One of an over-thinker’s biggest desires is the ability to stop thinking – to just switching your mind to pause mode and experience the quiet numbness of … nothing. If someone invented an “off” button for the brain, I would have it installed in the blink of an eye.
Today I realized that what I’ve been doing in trying to achieve this has been wrong all along.
My favorite mindless pastime is playing games on my phone. Cookie Jam is my go-to game. No need to think, just play. I am on level 2403 and as I sat trying to beat the level for, probably, the 15th time, it dawned on me how silly it is. I waste so much precious time every single day on being “mindless”, whereas the time could have been spent so much better. Well, backtrack for a second, it didn’t start like that.
Sir Luke is forever going on about the latest game. His favourite thing to do on weekends is to go to the mall and play games. Whenever he speaks it’s about games. I could never make sense of this.

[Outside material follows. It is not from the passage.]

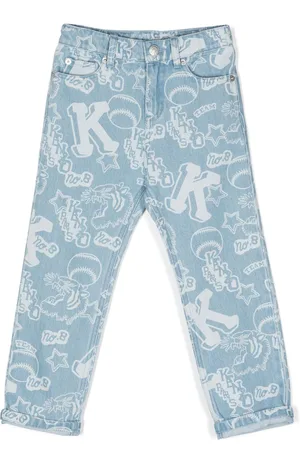 Kenzo Graphic-print straight-leg jeans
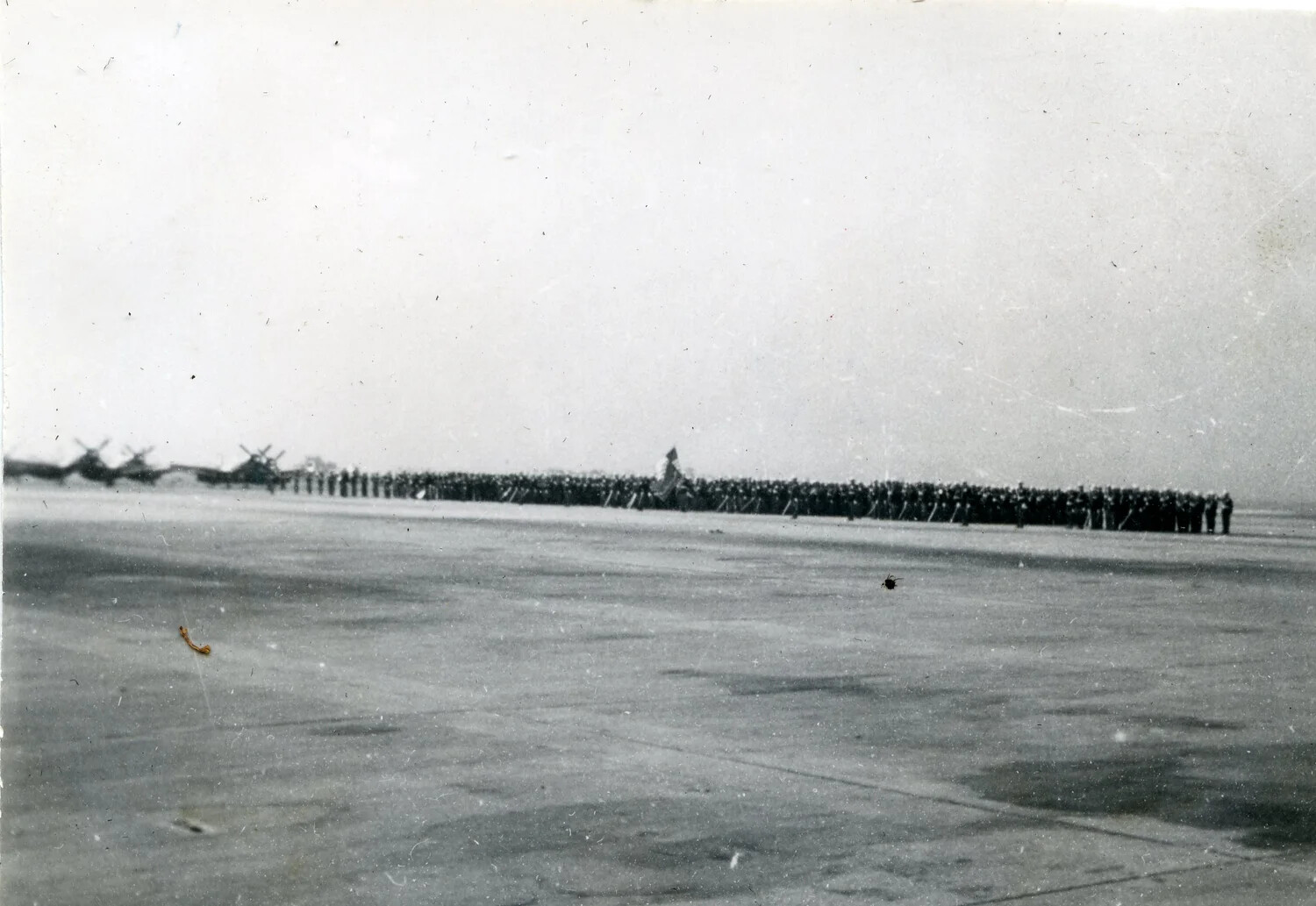 Marine Formation on Airfield, VMF-214, 1945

This has led to a number of disagreements between us. Me trying to get him to talk about and focus on something else; him shrugging it off as “this IS important to me, mom”
As I sat there today, enjoying a minute of mindlesness, playing my game, I pitied the youth of today who don’t know the childhood we have. They don’t know the innocense that we knew. It was stolen from them by technology. Then I realised what I was busy doing and I just had to stop. We lead by example. We show them how to live a technology fueled life
So often during the day when I have 5 or 10 minutes to spare, I would pick up my phone and play a game “just to take a break from it all”. So much wasted time.
The 10 tactics list, amongst others, reading 60 minutes a day and personal mastery. How about wasting less time on mindlesness and use that time being mindful of where I am – physically, emotionally and spiritually, pondering on things like The Scrolls that will propel personal growth or getting out in the garden, meditating (if meditating for 5 or 10 minutes is even a thing) and connecting with nature
How about making mindfulness a goal instead of a mindless escape?